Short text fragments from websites
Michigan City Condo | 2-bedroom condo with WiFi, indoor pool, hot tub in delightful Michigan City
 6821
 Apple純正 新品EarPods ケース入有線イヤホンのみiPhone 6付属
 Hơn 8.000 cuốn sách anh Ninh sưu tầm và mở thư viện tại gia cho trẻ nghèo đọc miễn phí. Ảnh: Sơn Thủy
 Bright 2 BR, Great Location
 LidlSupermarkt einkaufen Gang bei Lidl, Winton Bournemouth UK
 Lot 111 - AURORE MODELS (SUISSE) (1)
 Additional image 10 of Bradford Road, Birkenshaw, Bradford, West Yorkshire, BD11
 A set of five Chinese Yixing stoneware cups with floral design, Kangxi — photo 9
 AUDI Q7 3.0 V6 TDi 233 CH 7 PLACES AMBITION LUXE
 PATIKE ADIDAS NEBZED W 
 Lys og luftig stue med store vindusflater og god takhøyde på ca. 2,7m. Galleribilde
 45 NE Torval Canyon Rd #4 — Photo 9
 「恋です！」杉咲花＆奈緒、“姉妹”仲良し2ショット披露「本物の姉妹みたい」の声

WHAT TO PRODUCE
Word for word, restate each of the records above.

SOLUTION
Michigan City Condo | 2-bedroom condo with WiFi, indoor pool, hot tub in delightful Michigan City
 6821
 Apple純正 新品EarPods ケース入有線イヤホンのみiPhone 6付属
 Hơn 8.000 cuốn sách anh Ninh sưu tầm và mở thư viện tại gia cho trẻ nghèo đọc miễn phí. Ảnh: Sơn Thủy
 Bright 2 BR, Great Location
 LidlSupermarkt einkaufen Gang bei Lidl, Winton Bournemouth UK
 Lot 111 - AURORE MODELS (SUISSE) (1)
 Additional image 10 of Bradford Road, Birkenshaw, Bradford, West Yorkshire, BD11
 A set of five Chinese Yixing stoneware cups with floral design, Kangxi — photo 9
 AUDI Q7 3.0 V6 TDi 233 CH 7 PLACES AMBITION LUXE
 PATIKE ADIDAS NEBZED W 
 Lys og luftig stue med store vindusflater og god takhøyde på ca. 2,7m. Galleribilde
 45 NE Torval Canyon Rd #4 — Photo 9
 「恋です！」杉咲花＆奈緒、“姉妹”仲良し2ショット披露「本物の姉妹みたい」の声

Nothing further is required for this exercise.